Syria refugee crisis: Cameron resists calls for UK to take more asylum seekers
David Cameron has signalled he’s not about to join any Europe-wide resettlement programme for refugees. He clearly feels that these grand projects risk acting as magnets for all forms of people on the move, not just political refugees.
There’s also concern in government that signing up to a big EU scheme risks creating “more Europe” just as his renegotiation is supposed to be delivering “less Europe”.
The Times reports German impatience with the British position. Chatting to EU member state diplomats in London you get a strong impression that view is not exclusive to Germany.

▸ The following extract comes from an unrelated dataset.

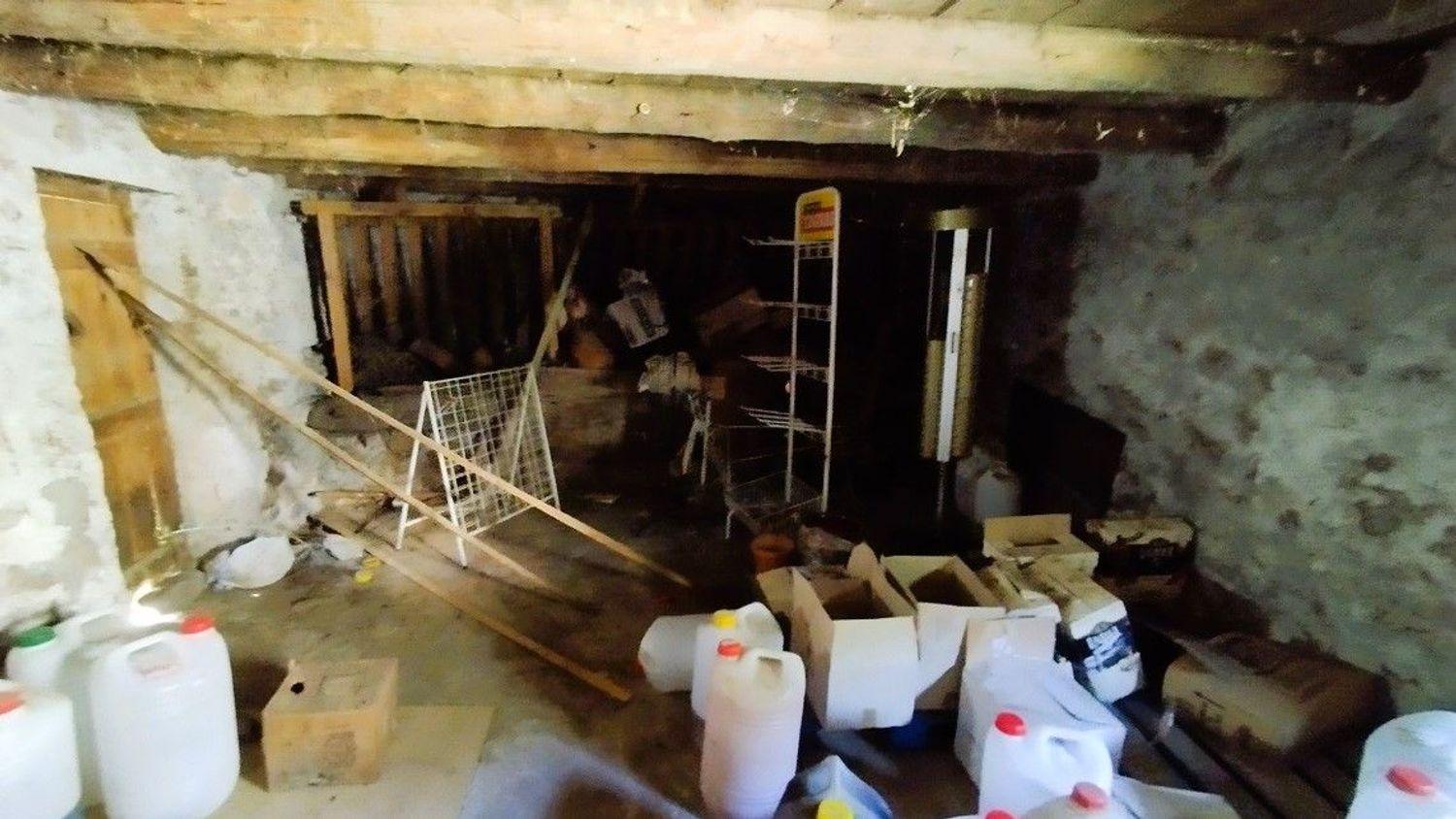 Semi-detached House for Sale in Bielsa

Britain is not the only obstacle to EU-wide settlement plans though and if nothing beyond the last EU summit’s meagre proposals can be agreed there will be pressure to increase programmes for the source countries and their neighbours.

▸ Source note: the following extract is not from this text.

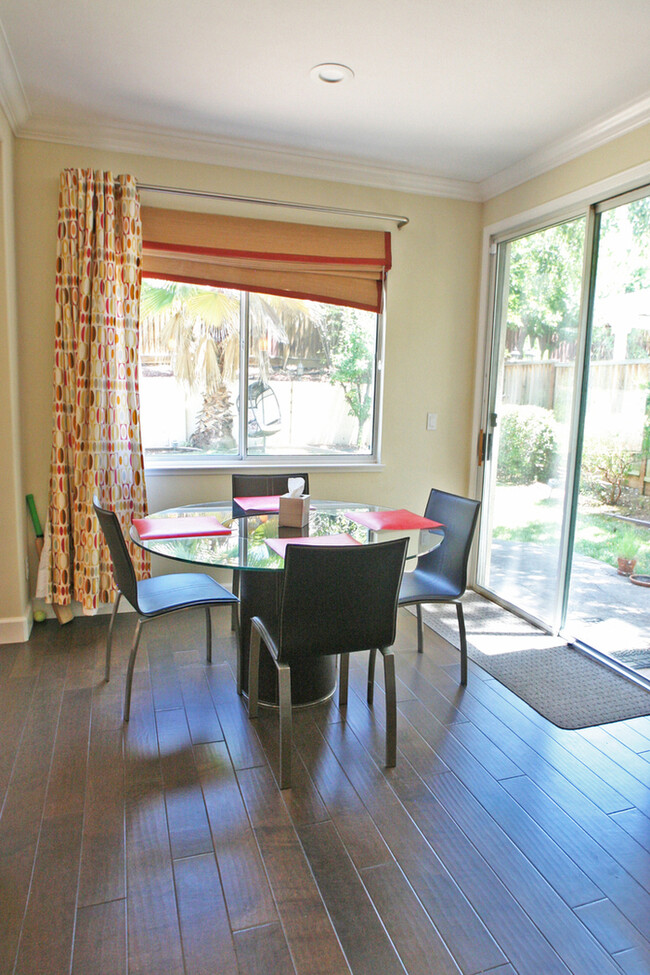 Building Photo - 4754 San Tropico Ct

David Cameron believes Britain has been trying to wake Europe up to immigration issues for a long time and he isn’t about to risk inflaming domestic opinion with big numbers to add to Britain’s population growth.
Others believe he is underestimating his own electorate’s ability to discriminate between a refugee crisis and economic migration. They think the government assumes voters think simply of Calais images when they hear of new potential arrivals.
Andrew Mitchell, international development secretary under David Cameron before his brief stint as chief whip, defended the prime minister, saying that Britain had given more than the rest of Europe combined to help refugees on Syria’s borders.
Images of immense hardship and worse will add to the pressure on David Cameron to follow Germany’s lead. He sounds convinced that other approaches make more sense.